The sweet irony of La Dolce Vita is that a film that packs so much zest and energy in juxtaposing decadence and religious faith has at its core the most passive of protagonists. Marcello is a shell of a man, a Pinocchio waiting for his Blue Fairy to rouse him to life. He is a puppet being led in one direction by his spiritual ache, in another by his desires. Marcello covers the arrival of Sylvia (Anita Ekberg), an American actress, to Rome. He follows her to the top of St. Peter’s, down into the night clubs, through the side streets of Rome, desperately trying to keep up with her ever-changing whims, including wading knee-deep into the waters of the Trevi Fountain, only to have the spell broken when the fountain waters stop running. Another exhausted dawn has come up, and The Woman, the ideal he hopes will fill his void, failed to materialize in the Barbie doll-like simplicity of Sylvia. Lacking in moral direction, Marcello will always be at the mercy of Rome, the mistress that seduces and punishes, Marcellos’ private femme fatale. Before that Marcello meets up with Maddalena (Anouk Aimee), a promiscuous and wealthy high-society beauty. Does Marcello think he’ll find his redemption by saving her? We never know, since he follows her around Rome with the same fascination that he’ll follow Sylvia with. He seems enraptured with her waif-like weariness, the mystery she creates by wearing shades at night, and indoors (to cover a black eye.) They drive around Rome, pick up a prostitute and drive back to her subterranean apartment. Maddalena talks, he listens, they lounge around the prostitute’s bed. Not even the prostitute knows what to make of this protracted verbal foreplay. (She just wants to get on with business or be rewarded for her time, making her one of the few sensible people in the film.) Another dawn comes up, and money changes hands, but whatever Marcello was hoping for hasn’t happened. Marcello is the world-weary private eye, a Philip Marlowe-like shamus flat footing it through Rome, searching for the virgin that doesn’t exist, a private dick either unwilling or unable to look in the hardest place of all, inside.

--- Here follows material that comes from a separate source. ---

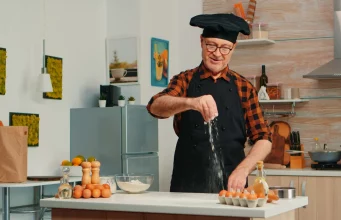 Recette du soufflé salé : une belle entrée bien gonflée un chef de cuisine en train de préparer la recette du souffle sale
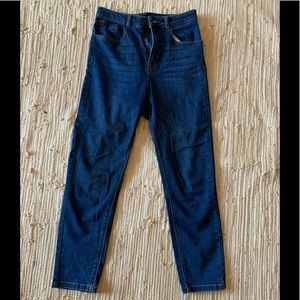High waisted skinny jeans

Instead he travels to the countryside to cover the alleged sighting of the Virgin, and again he is led on a wild chase by a woman as the children see the Virgin, first over here, then over there. Anywhere they look, apparently, the same way the devout see the Virgin Mary in a storefront glass, or a pancake. Marcello chases after the children, being chased in turn by the lame and the blind, leading a parade of hopefuls for The Woman that can heal their private pains. And another dawn comes up, and Marcello leaves, his squint getting deeper, his desperation greater. Rome may be superficially pious and spiritually bankrupt, but it’s capable of embracing both Dionysian and Apollonian aspects of itself. The ones caught at either end of this high-low emotional divide will always be in internal turmoil, like Steiner (Alain Cuny.) When we first see him, he embodies everything Marcello wants (thinks he wants.) Steiner sits in his high chair, surrounded by books of art, presiding over a gaggle of poets and philosophers with fatherly benevolence, with beautiful, well-mannered children, and a lovely, good-tempered wife. Peace radiates from this home, so much so that after visiting Steiner Marcello goes to the country with his typewriter to work on that novel he’s been putting off.
The next time we see Steiner, well, we don’t even see him. We hear from the police that Steiner shot his wife and children before turning the gun on itself. We don’t need to see the carnage. To know that such assured serenity hid an existential angst even greater than Marcello’s is shocking enough to drive Marcello into a final, frenzied, desperate orgy of partying. And at dawn Marcello and his cohorts trudge out of the beach house, physically spent and emotionally depleted. The waitress from Umbria makes typing motions across the way at Marcello, but he can’t understand her, and turns away. We’ve come full circle, and Marcello is now permanently one with the aging playboys and the second-rate movie stars and fading aristocrats he writes about. Marcello’s indecision caused Rome to decide for him. His sentence is the sweet life, and like passive man that he is, he accepts it.